The Sacred Grove of Oshogbo by Jeffrey Tayler
The following essay contains descriptive language that helps to paint a vivid picture for the reader of an interesting encounter.
“As I passed through the gates I heard a squeaky voice. A diminutive middle-aged man came out from behind the trees — the caretaker. He worked a toothbrush-sized stick around in his mouth, digging into the crevices between algae'd stubs of teeth. He was barefoot; he wore a blue batik shirt known as a buba, baggy purple trousers, and an embroidered skullcap. I asked him if he would show me around the shrine. Motioning me to follow, he spat out the results of his stick work and set off down the trail.”
This excerpt from “Playground Memory” has very good sensory details.
“Looking back on a childhood filled with events and memories, I find it rather difficult to pick on that leaves me with the fabled “warm and fuzzy feelings.” As the daughter of an Air Force Major, I had the pleasure of traveling across America in many moving trips. I have visited the monstrous trees of the Sequoia National Forest, stood on the edge of the Grande Canyon and have jumped on the beds at Caesar’s Palace in Lake Tahoe.

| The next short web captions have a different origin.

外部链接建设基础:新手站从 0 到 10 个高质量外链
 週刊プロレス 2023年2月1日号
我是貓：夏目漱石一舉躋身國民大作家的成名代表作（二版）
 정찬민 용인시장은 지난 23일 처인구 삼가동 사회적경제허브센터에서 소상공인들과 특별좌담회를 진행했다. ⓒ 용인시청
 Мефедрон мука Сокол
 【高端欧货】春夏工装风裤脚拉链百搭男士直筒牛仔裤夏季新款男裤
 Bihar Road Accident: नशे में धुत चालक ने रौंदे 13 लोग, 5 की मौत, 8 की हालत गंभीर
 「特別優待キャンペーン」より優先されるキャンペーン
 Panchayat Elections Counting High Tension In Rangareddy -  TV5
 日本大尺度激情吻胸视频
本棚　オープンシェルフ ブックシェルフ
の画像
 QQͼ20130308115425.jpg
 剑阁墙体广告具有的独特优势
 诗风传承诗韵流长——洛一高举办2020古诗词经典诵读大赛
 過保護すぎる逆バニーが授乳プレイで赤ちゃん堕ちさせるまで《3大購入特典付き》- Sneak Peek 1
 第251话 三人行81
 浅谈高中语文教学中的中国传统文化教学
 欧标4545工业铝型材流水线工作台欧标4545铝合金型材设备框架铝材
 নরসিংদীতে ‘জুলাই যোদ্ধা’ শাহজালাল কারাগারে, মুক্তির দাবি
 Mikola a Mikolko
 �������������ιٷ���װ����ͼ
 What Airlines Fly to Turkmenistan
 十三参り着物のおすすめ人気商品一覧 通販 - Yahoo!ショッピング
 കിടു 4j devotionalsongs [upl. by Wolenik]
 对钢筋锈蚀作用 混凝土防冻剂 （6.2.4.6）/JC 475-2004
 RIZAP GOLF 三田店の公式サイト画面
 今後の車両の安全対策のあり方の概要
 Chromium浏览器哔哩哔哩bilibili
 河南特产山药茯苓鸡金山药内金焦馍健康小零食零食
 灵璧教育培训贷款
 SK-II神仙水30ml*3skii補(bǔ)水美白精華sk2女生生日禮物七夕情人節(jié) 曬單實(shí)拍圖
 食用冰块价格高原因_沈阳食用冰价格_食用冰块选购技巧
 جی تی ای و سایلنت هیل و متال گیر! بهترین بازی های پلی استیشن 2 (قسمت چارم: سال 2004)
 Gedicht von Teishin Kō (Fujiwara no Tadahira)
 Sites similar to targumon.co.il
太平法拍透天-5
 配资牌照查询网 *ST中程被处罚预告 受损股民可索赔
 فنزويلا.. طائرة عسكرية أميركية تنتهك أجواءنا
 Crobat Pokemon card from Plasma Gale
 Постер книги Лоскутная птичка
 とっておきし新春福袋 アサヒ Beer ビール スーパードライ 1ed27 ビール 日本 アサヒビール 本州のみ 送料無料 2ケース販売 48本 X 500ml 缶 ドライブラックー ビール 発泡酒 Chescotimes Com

However, I have discovered that when reflecting on my childhood, it is not the trips that come to mind, instead there are details from everyday doings; a deck of cards, a silver bank or an ice cream flavor. One memory that comes to mind belongs to a day of no particular importance. It was late in the fall in Merced, California on the playground of my old elementary school; an overcast day with the wind blowing strong. I stood on the blacktop, pulling my hoodie over my ears. The wind was causing miniature tornados; we called them “dirt devils”, to swarm around me.”
This excerpt from “Christmas Cookies” makes good use of descriptive language.
“Although I have grown up to be entirely inept at the art of cooking, as to make even the most wretched chef ridicule my sad baking attempts, my childhood would have indicated otherwise; I was always on the countertop next to my mother’s cooking bowl, adding and mixing ingredients that would doubtlessly create a delicious food. When I was younger, cooking came intrinsically with the holiday season, which made that time of year the prime occasion for me to unite with ounces and ounces of satin dark chocolate, various other messy and gooey ingredients, numerous cooking utensils, and the assistance of my mother to cook what would soon be an edible masterpiece. The most memorable of the holiday works of art were our Chocolate Crinkle Cookies, which my mother and I first made when I was about six and are now made annually.”
Tips on Writing a Narrative Essay
When writing a narrative essay, remember that you are sharing sensory and emotional details with the reader.
- Your words need to be vivid and colorful to help the reader feel the same feelings that you felt.
- Elements of the story need to support the point you are making and you need to remember to make reference to that point in the first sentence.
- You should make use of conflict and sequence like in any story.
- You may use flashbacks and flash forwards to help the story build to a climax.
- It is usually written in the first person, but third person may also be used.
Remember, a well-written narrative essay tells a story and also makes a point.